Solche Forderungen konzentrieren sich zwar besonders in der Landeshauptstadt, sind aber beispielsweise auch in der Stadt Homburg (mit hohem Studierendenanteil) ein Thema. In aller Regel werden die Forderungen mit dem Hinweis auf andere vergleichbare Städte verbunden, in denen solche infrastrukturellen Voraussetzungen zur Verbesserung der Alltags-Fahrradtauglichkeit deutlich weiter fortgeschritten sind, wobei man nicht nur auf die Vorzeigestädte Münster und Karlsruhe blicken muss.
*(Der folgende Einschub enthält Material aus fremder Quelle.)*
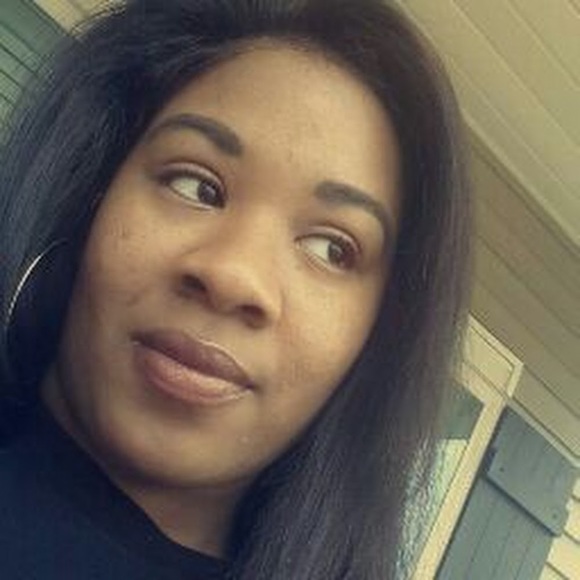 Profile Picture of Chablis Shaw (@chablisshaw) on Poshmark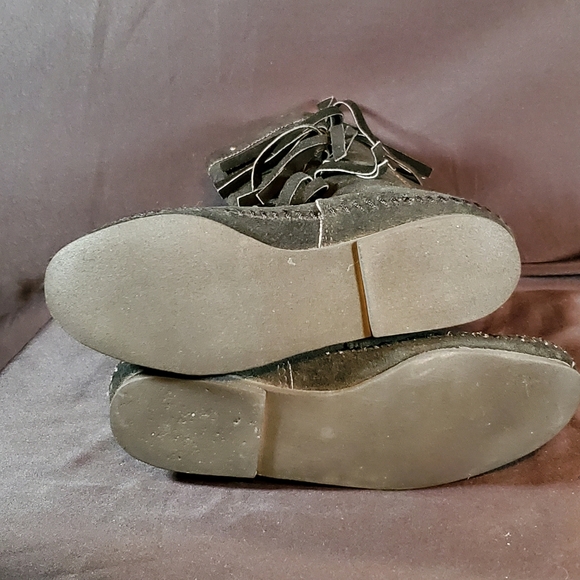 Minnetonka Moccasin's - Picture 6 of 6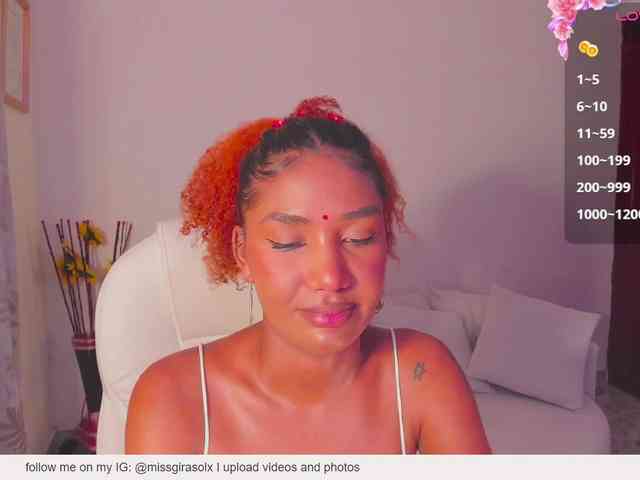 AlishaSummer webcam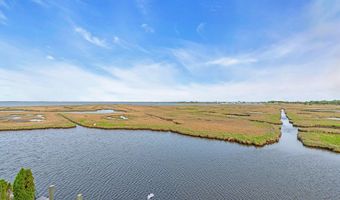267 Cypress Dr, Bayville, NJ 08721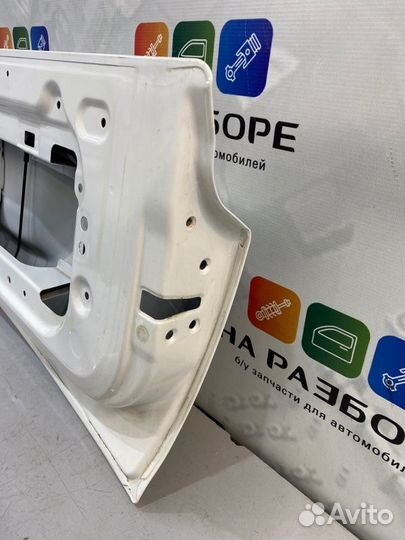 Крышка багажника Toyota Land Cruiser 200 2UZ-FE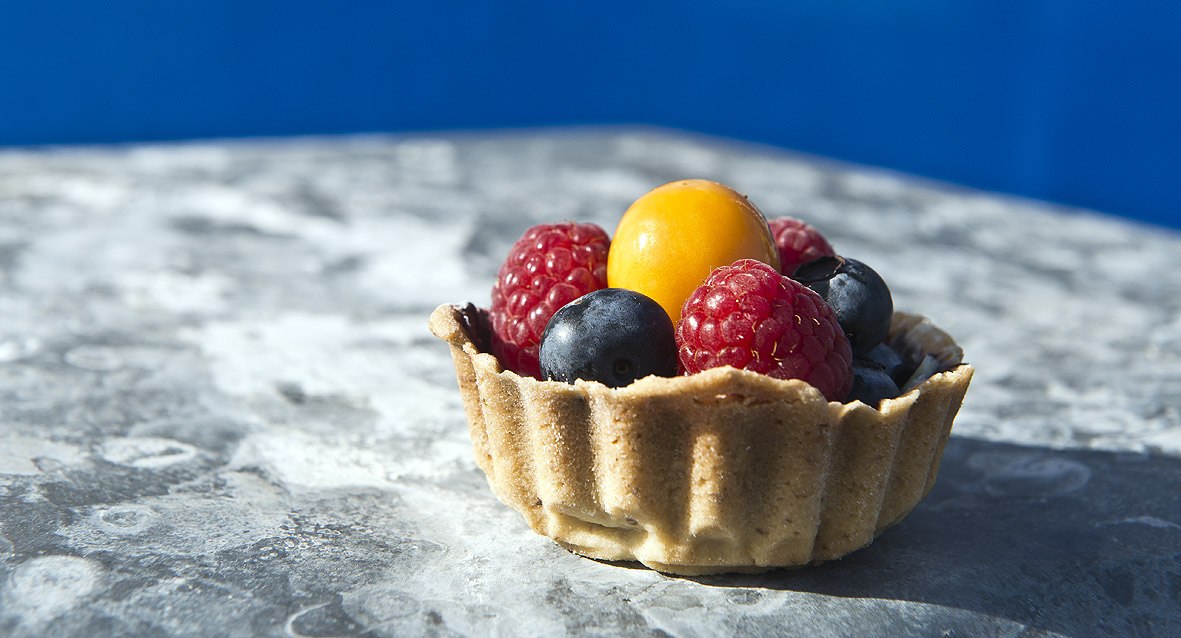 Delicious tartelette with fresh fruit, © Graf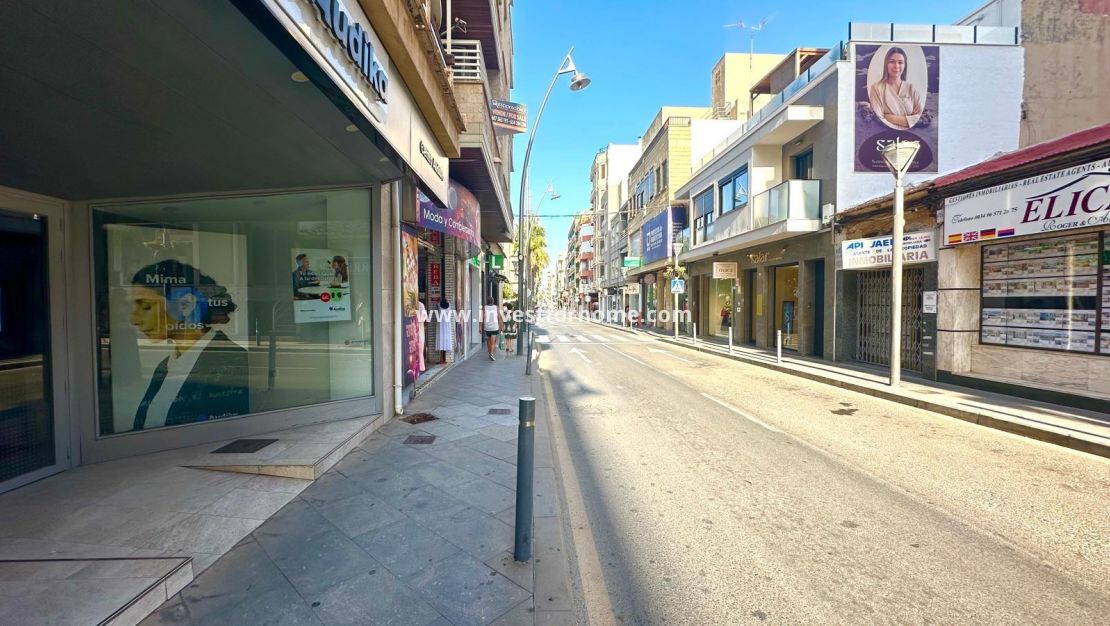 Sale - Apartment - Torrevieja - Centro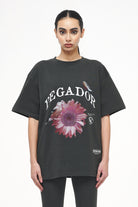 Pegador Zea Oversized Tee Vintage Washed Iron Grey Hauptansicht aus der Trust The Process Kollektion für DaHerren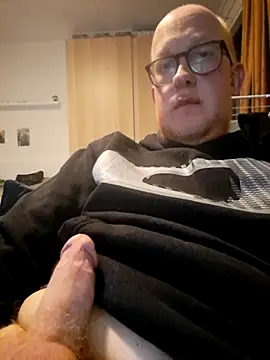 Snapshot of geilerd122 chatting on February 6, 2026, 6:04 pm geilerd122 online show from February 6, 2026, 6:04 pm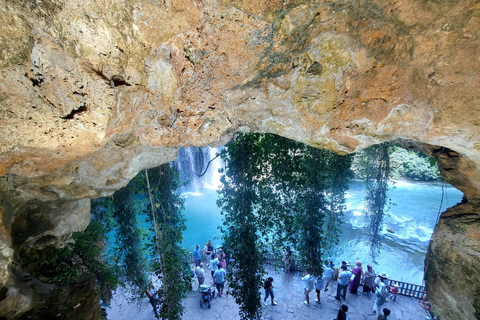 Antalya : Visite guidée de la ville avec billets pour les chutes d'eau et déjeuner.Tour en bateau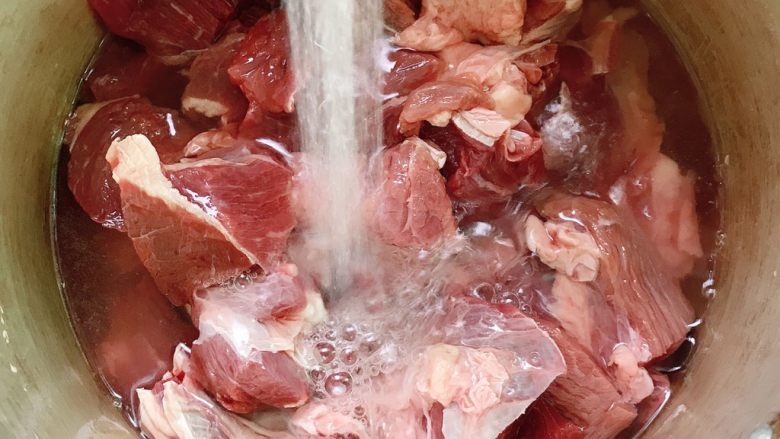 牛肉烧胡萝卜,放入锅中,加入清水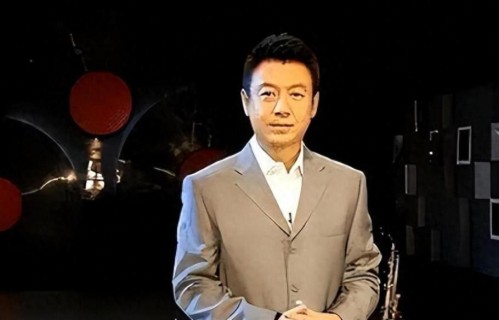 私生活混乱？被传10年换5任妻子，从央视离职的他，如今怎么样了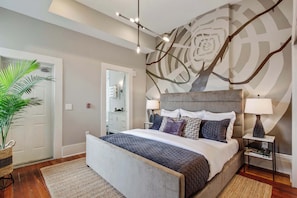 6 bedrooms, desk, iron/ironing board, travel crib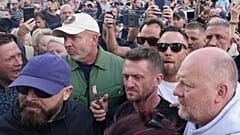 Tommy Robinson nimmt am zweiten Juni 2026 an einem Protest vor der Polizeiwache in Southampton für den 2025 niedergestochenen 18-jährigen Henry Nowak teil.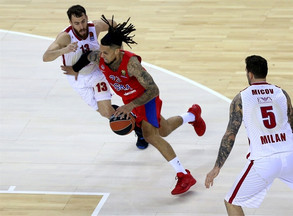 Ο απίθανος Χάκετ λύτρωσε την ΤΣΣΚΑ Μόσχας, 78-75 την Αρμάνι (video)!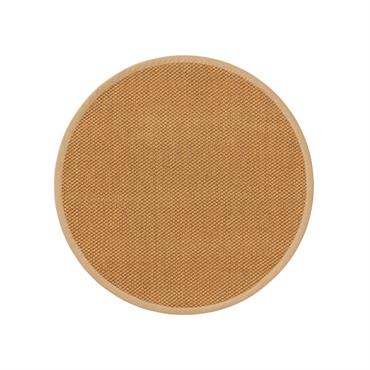 GRETA est composé à 100% de sisal, une fibre naturelle robuste qui rend le tapis particulièrement durable. Son design sobre lui confère une élégance intemporelle. Sous-tapis : ce tapis a ...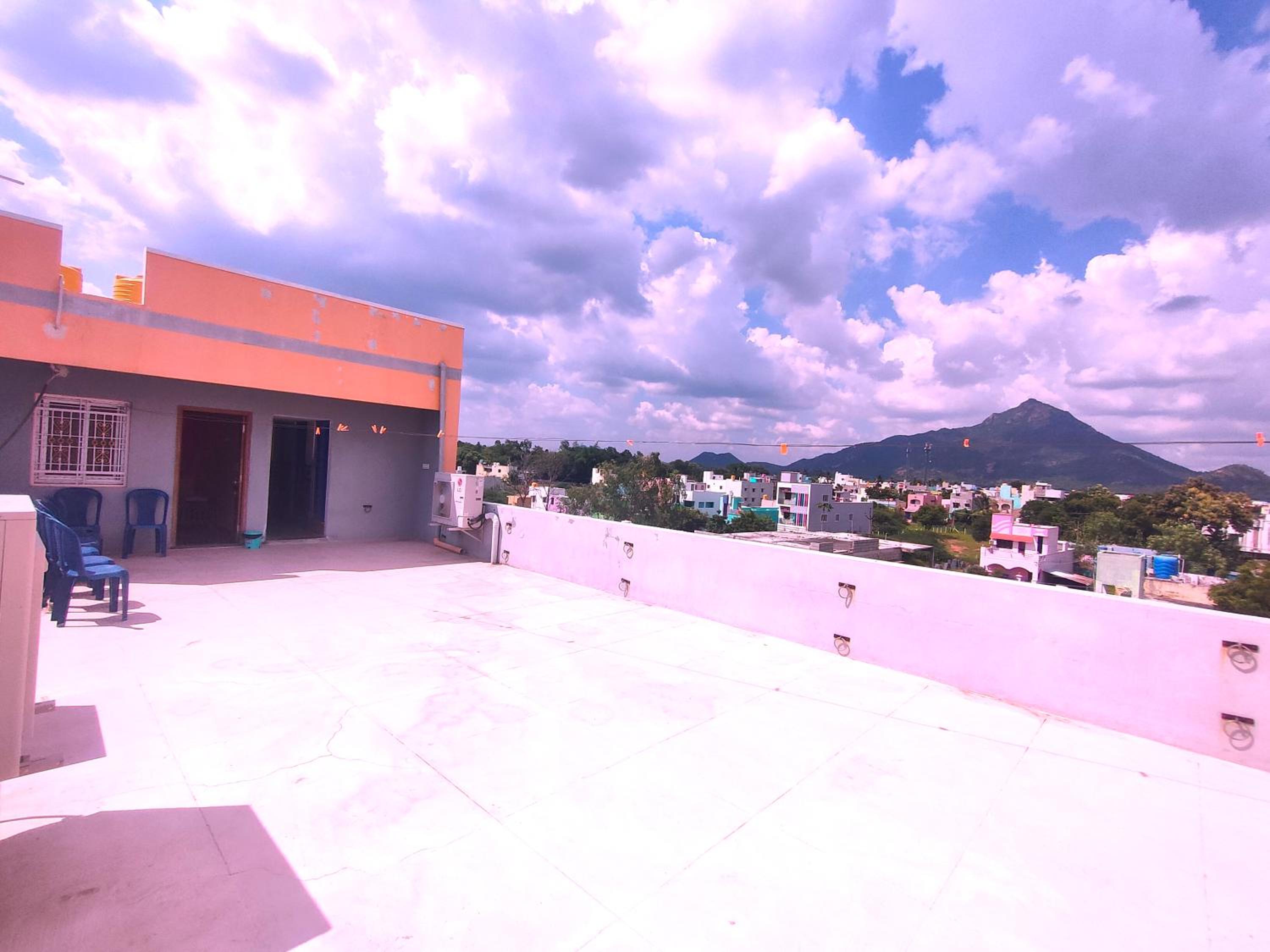 Mixed Dormitory Room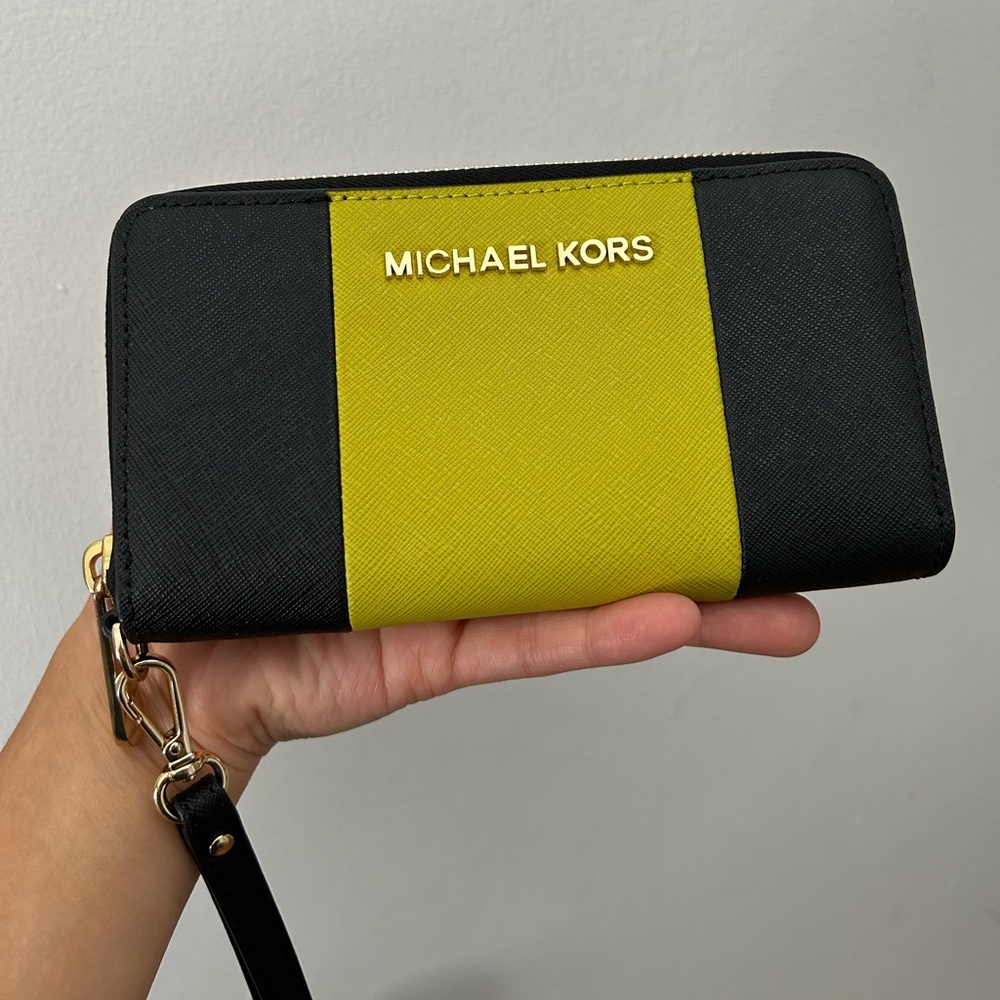 Michael Kors zip wallet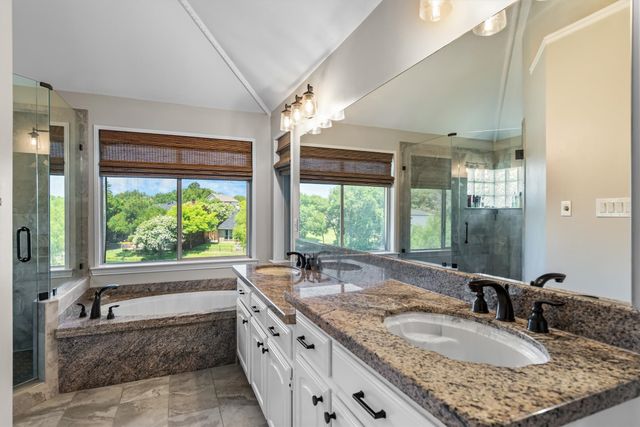 5208 Yacht Club Drive, Rockwall, TX 75032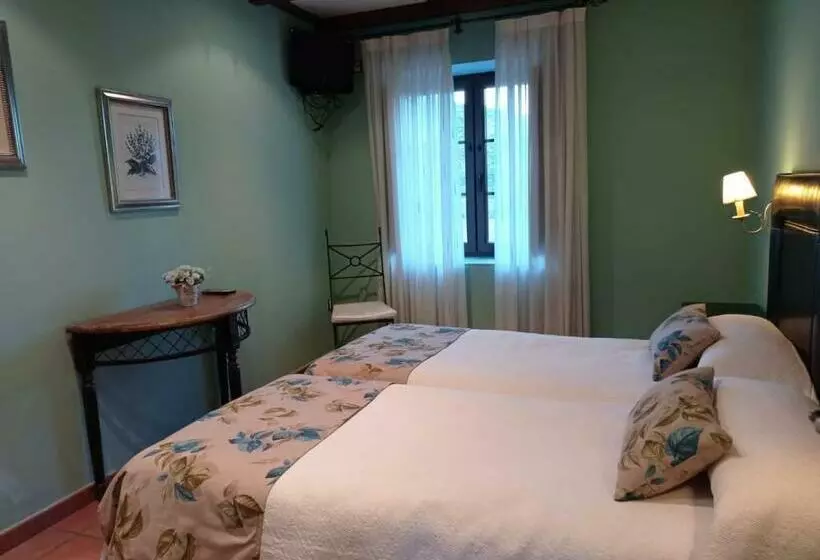 هتل El Cuartel De Lugueros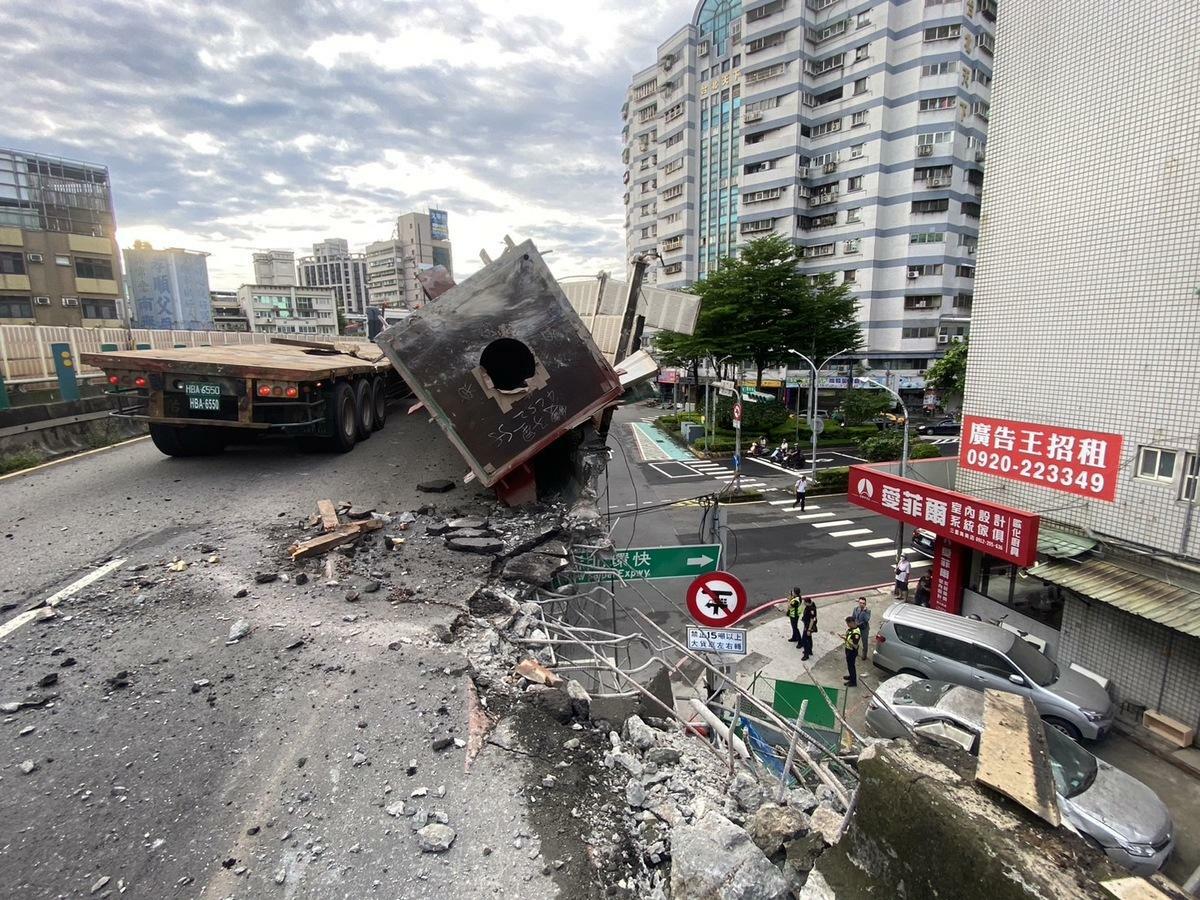 忠孝橋今（20）天一早發生聯結車撞斷護欄的翻車事故。 圖：台北市政府提供
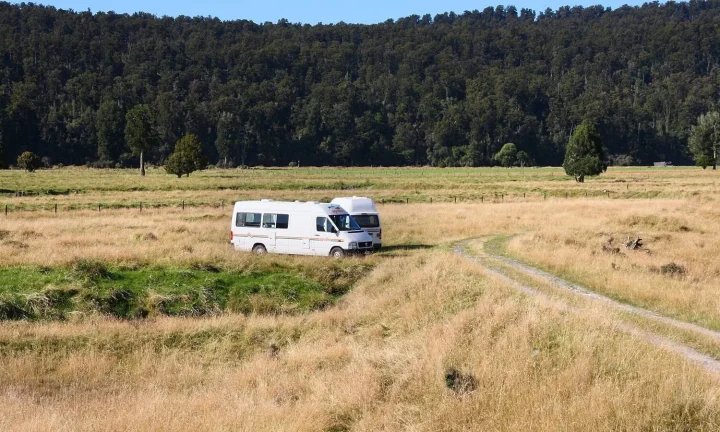 Camping-car réel photographié sur la route ou en stationnement pour « Les Plus Beaux Lacs et Plans d’Eau de Belgique à Explorer en Camping-Car »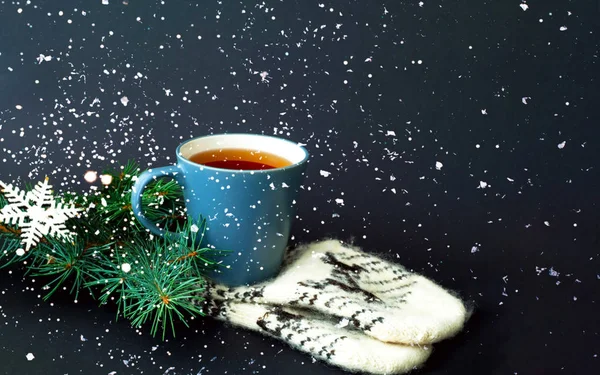Cup of tea on knitted mittens. Christmas background. Hygge style. Close-up — Stock Photo, Image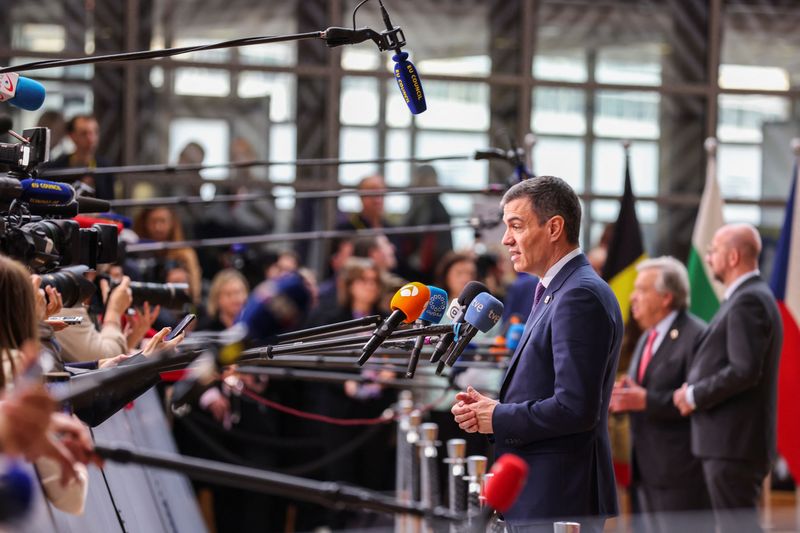 &copy; Reuters. FOTO DE ARCHIVO. El presidente del Gobierno español, Pedro Sánchez, habla con la prensa mientras asiste a una cumbre de líderes de la Unión Europea en Bruselas, Bélgica. 21 de marzo de 2024. REUTERS/Johanna Geron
Vor diesem Hintergrund kann die Debatte um einen Fahrradbeauftragten in der Landeshauptstadt zunächst schon etwas befremdlich anmuten. Die CDU, die den Wegfall dieser Position fordert, begründet das unter anderem damit, dass das Geld besser beim Stadtplanungsamt oder der Unteren Bauaufsicht aufgehoben wäre, um dort Projekte zügiger voranzutreiben.